Depois de uma certa idade, férias se confundem com alforria. Acho que acontece com muita gente, menos com o pessoal do ‘Escolha um trabalho que você ama e você nunca terá que trabalhar um dia sequer na vida’.
É que eu não tinha muitas coisa pessoais para contar nessas redações, pelo menos nada que fosse interessante, uma vez que neste período a minha família não costumava viajar muito, então no fundo as férias eram apenas dias normais, só que sem aula. Na prática, significava mais tempo para brincar com os bonequinhos G I Joe’s, jogar betes na rua, tomar Nescau e ver filme. Se for pensar, férias na Disney nem faziam tanta falta assim.

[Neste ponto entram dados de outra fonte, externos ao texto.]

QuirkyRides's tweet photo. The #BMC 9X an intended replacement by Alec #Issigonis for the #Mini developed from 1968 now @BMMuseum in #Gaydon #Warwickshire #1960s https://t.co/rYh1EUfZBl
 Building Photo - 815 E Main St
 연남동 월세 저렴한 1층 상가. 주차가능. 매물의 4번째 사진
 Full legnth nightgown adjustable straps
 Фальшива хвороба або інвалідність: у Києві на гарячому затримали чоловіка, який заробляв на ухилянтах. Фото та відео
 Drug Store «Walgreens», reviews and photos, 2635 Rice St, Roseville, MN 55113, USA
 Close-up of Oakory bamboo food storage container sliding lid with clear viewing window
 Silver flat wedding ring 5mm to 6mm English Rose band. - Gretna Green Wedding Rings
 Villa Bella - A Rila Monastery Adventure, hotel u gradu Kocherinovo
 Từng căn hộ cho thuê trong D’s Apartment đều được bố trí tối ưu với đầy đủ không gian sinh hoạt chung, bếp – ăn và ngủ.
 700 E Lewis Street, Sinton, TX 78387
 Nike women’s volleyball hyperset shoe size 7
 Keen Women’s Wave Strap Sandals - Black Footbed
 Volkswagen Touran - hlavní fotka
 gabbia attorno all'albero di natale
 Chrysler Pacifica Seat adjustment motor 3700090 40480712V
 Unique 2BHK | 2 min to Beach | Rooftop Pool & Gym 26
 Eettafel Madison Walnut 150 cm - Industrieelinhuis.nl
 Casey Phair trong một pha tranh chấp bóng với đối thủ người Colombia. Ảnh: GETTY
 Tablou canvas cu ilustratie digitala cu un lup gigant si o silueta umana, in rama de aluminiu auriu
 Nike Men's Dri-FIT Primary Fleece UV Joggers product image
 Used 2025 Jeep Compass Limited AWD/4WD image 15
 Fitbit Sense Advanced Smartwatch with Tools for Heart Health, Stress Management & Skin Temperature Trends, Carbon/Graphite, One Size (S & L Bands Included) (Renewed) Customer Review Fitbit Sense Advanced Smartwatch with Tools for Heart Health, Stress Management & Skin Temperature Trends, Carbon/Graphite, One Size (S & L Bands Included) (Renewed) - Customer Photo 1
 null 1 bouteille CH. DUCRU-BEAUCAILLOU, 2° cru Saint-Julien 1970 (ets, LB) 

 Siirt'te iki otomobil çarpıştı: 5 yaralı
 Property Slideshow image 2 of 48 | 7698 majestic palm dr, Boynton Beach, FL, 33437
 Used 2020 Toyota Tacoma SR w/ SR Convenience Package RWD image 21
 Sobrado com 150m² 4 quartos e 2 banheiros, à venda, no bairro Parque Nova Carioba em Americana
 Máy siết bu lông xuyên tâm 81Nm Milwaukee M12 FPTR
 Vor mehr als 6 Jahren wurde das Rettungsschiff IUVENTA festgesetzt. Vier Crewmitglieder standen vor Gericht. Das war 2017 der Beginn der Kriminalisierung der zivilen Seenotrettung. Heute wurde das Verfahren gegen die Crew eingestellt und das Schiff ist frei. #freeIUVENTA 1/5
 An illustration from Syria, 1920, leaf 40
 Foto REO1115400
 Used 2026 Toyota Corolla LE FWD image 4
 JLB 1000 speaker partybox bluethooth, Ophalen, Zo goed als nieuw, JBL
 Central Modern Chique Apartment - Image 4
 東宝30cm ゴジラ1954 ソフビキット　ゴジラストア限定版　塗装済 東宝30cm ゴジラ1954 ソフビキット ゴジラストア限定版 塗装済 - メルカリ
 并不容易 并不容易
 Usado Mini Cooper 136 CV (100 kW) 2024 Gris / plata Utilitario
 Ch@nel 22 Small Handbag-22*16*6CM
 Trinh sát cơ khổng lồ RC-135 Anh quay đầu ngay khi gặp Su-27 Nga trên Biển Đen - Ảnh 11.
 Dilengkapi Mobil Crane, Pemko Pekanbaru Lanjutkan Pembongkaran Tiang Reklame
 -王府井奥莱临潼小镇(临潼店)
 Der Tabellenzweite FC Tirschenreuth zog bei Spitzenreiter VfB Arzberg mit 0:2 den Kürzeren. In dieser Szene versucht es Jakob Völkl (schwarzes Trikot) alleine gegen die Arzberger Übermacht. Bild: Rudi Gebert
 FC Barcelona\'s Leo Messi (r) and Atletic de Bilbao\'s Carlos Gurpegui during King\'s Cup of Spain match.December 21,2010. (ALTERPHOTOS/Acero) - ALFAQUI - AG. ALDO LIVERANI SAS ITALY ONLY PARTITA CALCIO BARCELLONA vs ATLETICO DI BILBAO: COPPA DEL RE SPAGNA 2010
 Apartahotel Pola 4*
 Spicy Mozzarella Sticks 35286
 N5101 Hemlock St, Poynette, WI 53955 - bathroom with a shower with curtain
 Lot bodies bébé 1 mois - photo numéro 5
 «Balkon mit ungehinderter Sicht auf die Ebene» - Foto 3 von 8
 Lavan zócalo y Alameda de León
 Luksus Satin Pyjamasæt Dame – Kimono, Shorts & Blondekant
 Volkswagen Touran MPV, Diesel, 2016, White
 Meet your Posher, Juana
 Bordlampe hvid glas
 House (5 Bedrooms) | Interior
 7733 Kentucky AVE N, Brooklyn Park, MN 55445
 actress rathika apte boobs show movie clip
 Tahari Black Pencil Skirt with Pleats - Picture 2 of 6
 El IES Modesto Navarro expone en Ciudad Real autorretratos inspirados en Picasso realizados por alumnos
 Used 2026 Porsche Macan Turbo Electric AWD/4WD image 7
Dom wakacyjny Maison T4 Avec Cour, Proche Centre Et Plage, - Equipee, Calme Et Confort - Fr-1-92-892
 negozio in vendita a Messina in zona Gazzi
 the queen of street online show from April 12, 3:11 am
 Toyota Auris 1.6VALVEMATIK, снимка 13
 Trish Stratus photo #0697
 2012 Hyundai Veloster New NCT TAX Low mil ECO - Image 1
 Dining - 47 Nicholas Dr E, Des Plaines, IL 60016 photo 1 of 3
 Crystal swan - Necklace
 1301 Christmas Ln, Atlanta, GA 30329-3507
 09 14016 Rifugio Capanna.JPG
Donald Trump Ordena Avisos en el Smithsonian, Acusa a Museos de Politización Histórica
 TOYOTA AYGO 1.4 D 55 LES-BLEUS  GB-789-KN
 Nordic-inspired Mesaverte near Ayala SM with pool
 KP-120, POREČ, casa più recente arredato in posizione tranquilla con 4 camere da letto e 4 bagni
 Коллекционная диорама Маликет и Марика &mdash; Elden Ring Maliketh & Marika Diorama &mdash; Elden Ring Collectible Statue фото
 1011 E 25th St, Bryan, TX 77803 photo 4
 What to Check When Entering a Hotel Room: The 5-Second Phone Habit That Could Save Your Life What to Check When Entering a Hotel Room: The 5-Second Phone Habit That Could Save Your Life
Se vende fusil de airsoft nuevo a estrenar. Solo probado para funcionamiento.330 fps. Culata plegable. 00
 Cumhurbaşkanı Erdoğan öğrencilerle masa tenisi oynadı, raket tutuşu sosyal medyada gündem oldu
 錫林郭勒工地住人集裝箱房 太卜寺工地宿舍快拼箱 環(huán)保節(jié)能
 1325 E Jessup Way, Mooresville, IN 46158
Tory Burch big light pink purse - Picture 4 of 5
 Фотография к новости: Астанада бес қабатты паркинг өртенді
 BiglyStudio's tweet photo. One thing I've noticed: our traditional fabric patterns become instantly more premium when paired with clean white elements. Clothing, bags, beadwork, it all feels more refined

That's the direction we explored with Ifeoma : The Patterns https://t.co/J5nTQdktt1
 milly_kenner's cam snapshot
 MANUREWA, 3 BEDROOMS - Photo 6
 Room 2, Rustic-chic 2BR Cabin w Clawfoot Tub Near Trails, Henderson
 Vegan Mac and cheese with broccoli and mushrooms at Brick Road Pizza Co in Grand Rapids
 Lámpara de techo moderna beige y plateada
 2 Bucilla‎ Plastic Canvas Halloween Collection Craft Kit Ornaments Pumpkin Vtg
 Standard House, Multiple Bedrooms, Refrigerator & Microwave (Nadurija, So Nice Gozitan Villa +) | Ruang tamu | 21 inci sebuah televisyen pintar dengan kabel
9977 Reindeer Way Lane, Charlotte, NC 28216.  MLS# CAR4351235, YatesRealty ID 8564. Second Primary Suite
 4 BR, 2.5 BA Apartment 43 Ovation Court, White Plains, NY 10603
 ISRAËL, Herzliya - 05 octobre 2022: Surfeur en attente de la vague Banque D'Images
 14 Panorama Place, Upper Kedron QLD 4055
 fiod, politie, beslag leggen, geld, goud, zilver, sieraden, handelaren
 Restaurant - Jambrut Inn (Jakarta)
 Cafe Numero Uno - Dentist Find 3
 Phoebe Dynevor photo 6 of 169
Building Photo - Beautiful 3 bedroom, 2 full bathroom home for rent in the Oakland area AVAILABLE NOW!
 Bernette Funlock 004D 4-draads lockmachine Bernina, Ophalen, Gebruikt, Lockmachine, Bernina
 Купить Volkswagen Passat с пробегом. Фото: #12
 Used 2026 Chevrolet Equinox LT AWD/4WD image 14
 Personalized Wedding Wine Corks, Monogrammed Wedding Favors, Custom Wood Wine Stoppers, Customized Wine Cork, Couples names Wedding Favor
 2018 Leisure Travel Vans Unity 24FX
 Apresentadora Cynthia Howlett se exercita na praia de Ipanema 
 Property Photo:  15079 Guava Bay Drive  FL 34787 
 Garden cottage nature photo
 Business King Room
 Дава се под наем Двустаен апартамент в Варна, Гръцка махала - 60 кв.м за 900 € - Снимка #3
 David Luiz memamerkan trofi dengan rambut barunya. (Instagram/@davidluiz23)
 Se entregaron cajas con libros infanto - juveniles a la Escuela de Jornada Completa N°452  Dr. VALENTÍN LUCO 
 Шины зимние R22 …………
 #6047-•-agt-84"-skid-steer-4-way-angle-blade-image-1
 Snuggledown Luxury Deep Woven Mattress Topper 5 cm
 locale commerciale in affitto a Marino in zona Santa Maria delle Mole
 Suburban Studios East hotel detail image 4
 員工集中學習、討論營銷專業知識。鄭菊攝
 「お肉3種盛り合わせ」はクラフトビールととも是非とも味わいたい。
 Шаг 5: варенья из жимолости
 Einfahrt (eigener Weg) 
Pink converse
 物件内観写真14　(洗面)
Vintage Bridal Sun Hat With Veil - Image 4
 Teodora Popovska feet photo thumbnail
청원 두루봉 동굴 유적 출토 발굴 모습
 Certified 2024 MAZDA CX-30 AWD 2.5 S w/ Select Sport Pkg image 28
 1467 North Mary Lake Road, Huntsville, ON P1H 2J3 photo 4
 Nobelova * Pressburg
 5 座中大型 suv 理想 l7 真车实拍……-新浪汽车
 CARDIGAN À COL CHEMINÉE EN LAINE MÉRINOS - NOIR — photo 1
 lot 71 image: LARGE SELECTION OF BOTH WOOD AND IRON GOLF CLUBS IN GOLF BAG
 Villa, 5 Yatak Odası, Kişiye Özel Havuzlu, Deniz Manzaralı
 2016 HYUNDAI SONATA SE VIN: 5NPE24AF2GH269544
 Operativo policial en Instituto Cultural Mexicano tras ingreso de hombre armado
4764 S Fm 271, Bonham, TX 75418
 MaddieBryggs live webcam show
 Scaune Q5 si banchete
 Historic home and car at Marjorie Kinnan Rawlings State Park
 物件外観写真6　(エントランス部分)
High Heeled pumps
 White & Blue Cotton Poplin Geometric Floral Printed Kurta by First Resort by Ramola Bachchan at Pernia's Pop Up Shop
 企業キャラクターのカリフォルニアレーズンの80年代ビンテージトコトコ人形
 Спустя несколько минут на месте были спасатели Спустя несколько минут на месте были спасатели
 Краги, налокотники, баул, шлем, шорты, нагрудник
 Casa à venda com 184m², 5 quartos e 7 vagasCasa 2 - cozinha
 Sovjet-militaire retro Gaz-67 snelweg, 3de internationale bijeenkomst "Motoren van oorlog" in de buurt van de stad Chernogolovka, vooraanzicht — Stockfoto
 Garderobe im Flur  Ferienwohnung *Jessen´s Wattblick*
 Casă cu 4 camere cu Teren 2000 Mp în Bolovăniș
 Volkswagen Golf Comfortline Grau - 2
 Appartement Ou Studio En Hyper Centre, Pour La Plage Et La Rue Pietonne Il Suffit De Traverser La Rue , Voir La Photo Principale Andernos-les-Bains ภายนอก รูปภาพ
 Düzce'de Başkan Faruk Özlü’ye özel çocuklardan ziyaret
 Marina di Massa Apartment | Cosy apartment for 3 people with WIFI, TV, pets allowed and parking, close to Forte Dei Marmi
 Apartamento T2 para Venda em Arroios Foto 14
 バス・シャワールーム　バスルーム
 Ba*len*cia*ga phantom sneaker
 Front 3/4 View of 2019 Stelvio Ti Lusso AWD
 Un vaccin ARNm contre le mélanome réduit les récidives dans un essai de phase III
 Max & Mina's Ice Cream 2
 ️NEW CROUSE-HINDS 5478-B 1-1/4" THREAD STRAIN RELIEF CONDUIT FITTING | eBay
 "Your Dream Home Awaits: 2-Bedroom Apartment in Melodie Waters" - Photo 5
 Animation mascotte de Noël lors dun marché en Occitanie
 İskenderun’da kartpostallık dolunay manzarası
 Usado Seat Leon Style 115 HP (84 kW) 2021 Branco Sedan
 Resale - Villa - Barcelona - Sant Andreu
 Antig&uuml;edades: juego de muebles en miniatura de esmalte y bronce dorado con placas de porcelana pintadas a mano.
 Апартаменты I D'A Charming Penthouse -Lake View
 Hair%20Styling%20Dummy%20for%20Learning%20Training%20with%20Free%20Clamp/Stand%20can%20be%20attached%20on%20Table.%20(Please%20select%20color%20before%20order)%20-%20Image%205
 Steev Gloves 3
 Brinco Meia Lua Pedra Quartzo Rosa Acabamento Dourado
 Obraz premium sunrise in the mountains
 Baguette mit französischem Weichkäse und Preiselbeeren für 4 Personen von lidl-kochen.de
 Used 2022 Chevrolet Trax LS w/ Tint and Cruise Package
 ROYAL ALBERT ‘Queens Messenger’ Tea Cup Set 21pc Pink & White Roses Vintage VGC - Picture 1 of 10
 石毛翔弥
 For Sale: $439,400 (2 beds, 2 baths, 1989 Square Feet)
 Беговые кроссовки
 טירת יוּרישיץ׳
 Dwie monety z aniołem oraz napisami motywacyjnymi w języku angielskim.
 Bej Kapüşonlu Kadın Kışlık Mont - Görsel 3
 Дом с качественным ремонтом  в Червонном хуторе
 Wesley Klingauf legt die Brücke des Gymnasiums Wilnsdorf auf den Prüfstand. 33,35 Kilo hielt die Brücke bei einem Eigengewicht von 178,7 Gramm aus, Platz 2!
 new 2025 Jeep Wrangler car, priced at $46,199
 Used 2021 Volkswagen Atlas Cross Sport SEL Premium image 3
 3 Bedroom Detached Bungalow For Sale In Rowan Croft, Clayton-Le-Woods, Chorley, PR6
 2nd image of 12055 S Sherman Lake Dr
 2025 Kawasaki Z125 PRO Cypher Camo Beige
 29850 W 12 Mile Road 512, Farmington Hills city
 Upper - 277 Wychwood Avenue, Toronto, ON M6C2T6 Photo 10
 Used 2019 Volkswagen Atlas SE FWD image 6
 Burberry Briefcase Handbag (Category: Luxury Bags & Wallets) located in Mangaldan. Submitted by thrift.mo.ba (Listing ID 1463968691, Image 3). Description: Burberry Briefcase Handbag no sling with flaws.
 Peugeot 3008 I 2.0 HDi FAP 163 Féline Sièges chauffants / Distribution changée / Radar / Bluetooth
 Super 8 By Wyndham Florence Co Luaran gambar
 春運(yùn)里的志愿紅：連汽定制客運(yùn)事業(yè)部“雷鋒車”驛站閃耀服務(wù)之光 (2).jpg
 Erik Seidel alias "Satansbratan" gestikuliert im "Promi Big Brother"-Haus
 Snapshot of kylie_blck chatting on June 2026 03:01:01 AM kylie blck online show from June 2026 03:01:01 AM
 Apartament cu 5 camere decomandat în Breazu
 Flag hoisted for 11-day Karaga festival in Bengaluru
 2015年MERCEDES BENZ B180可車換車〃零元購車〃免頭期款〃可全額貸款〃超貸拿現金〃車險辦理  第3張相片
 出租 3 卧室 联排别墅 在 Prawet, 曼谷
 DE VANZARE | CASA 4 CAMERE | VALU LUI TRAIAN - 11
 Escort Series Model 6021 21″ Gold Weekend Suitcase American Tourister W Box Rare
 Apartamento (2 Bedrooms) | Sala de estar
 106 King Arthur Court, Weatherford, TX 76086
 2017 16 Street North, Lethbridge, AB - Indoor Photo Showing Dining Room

Depois de uma certa idade, férias se confundem com alforria. Acho que acontece com muita gente, menos com o pessoal do “Escolha um trabalho que você ama e você nunca terá que trabalhar um dia sequer na vida”, pois estes estão sempre ocupados sendo felizes ou tomando remédios que os façam acreditar no que dizem.
Como não inventaram um botão que faça você simplesmente esquecer tudo e sair por aí cumprindo os imperativos publicitários (“aproveite a vida”, “viva intensamente”, “mantenha-se hidratado”, etc), é claro que, dependendo do seu grau de envolvimento com o trabalho, em algum momento entre uma caipirinha num catamarã e uma cerveja num quiosque de frente pro mar, talvez você sinta aquela pontadinha de angústia ao lembrar de um relatório que não ficou pronto, uma reunião que lhe aguarda no retorno, etc.
Esse é o momento de ligar o alerta, triplicar a dose do que você estiver bebendo e tentar curtir a natureza, as piadas ruins do guia de turismo, o cheiro de protetor solar, o cover do Capital Inicial acústico, a coisa toda, pois é lamentável, até mesmo vergonhoso e socialmente malquisto, perder tempo das férias pensando em trabalho. Os vilões das novelas e dos filmes fazem isso o tempo todo, pode reparar.
Mas nem sempre é possível se desligar completamente e se concentrar na paisagem. Quem sabe o lugar pra onde a sua mente é levada também faça parte da viagem. Às vezes estou olhando para o horizonte (a gente tá sempre procurando as bordas do mundo, pra ver se ali reside algum vulto, algum significado oculto) de um lugar lindo que eu estava ansioso para conhecer, mas meu pensamento é interrompido não por lembrança das planilhas de Excel com luzes diabólicas piscando em meus pesadelos, mas sim pela lembrança do menininho meio triste e entediado tomando Nescau e vendo Sessão da Tarde nos anos 1980.
Algo em comum que ainda existe entre nós dois é o fato de que realmente não temos muito o que escrever numa redação sobre as férias. Mas não tem problema, se for necessário a gente inventa.